JOSEPH POLISZUK
EL UNIVERSAL
El gobernador del estado Cojedes anda "indignado". Seguro
de que los empresarios Carlos Kauffmann y Franklin Durán
no son funcionarios encubiertos del Gobierno nacional, Johnny
Yánez Rangel anuncia que acudirá a la Fiscalía
General de la República para solicitar que investigue
la relación que la Fiscalía de EEUU supone entre
los indiciados y las instituciones venezolanas.
Para Yánez, la justicia nacional no puede abrir una
causa contra Guido Antonini Wilson mientras permanezca en
EEUU. Ni siquiera por notitia críminis. Dice,
sin embargo, que la Fiscalía General de la República
está en capacidad de investigar la relación que
acusa a los propietarios de la empresa Venoco con el Poder
Ejecutivo y por eso anuncia que en los próximos días
solicitará acciones en el Ministerio Público.

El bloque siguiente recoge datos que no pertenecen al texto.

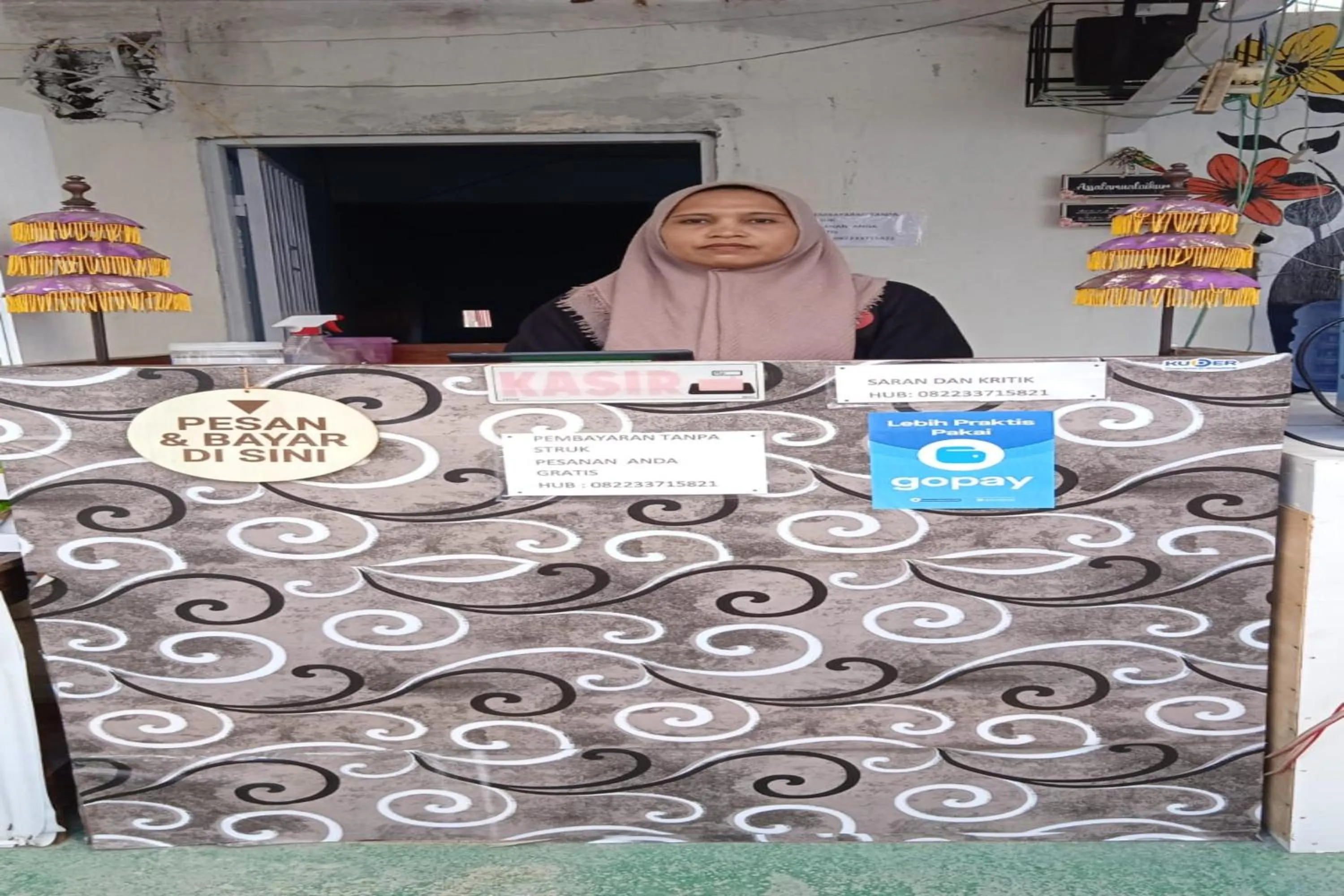 Lobby or reception in EXPRESS O 91669 Kost Amel Near Taman Mattirotasi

"Ya envié a la Fiscalía un documento exhortándole
a que dieran un pronunciamiento", afirma. "Ahora voy a presentarme
allá para exigir que se investigue la situación
de dos empresarios venezolanos que están detenidos en
Estados Unidos". Esa averiguación puede ser, según
dice, "la mejor forma de tumbar los argumentos que presenten
en Miami".
Precedente peligroso
El mandatario de Cojedes también espera que los sectores
empresariales se pronuncien. Cree que la investigación
contra sus amigos personales, Kauffmann y Durán, es un
"precedente peligroso", porque de acuerdo con sus palabras,
no son dueños de una bodega de Cojedes, sino los propietarios
de la segunda petroquímica del país, que tiene relaciones
con toda Suramérica.
"¿Qué garantía tiene cualquier otro empresario
de que no le pase lo mismo ante las apetencias de crear una
olla periodística con un delito abstracto?", pregunta.
"Entiendo que ninguno haya alzado su voz a título personal,
pero deberían fijar una posición grupal porque aquí
se está generando una situación de inseguridad jurídica
que he venido llamando el Guantánamo de Miami".
Carlos Kauffman, Franklin Durán y Moisés Maionica
fueron detenidos en diciembre del año pasado en Miami.
La fiscalía estadounidense les negó medidas de libertad
condicional por el presunto delito de haber llevado mensajes
del gobierno del presidente Hugo Chávez a Guido Antonini
Wilson, el hombre que el pasado 4 de agosto cargaba la maleta
con 800.000 después de aterrizar en Argentina.
Yánez Rangel denuncia que están aislados en celdas
de máxima seguridad "como maleantes de los más perseguidos".
Recuerda que ellos no estaban en Argentina cuando llegó
el maletín. Para él, simplemente fueron a hablar
con un amigo sobre su caso. Por eso insiste en que son inocentes.
"Doy fe y estoy dispuesto a testificar donde quieran", dice.
"Yo meto las manos en el fuego en cuanto a que ellos no son
funcionarios".
Teme ser otro acusado
El gobernador no descarta que después de los dueños
de Venoco acusen a otros, incluso a él. Cuando le preguntan
si la justicia estadounidense puede involucrarlo en el caso
Antonini, asiente con la cabeza: "Yo temo de todo, hasta de
mi seguridad porque me indigna cuando veo que se violenta
la seguridad jurídica de estos empresarios".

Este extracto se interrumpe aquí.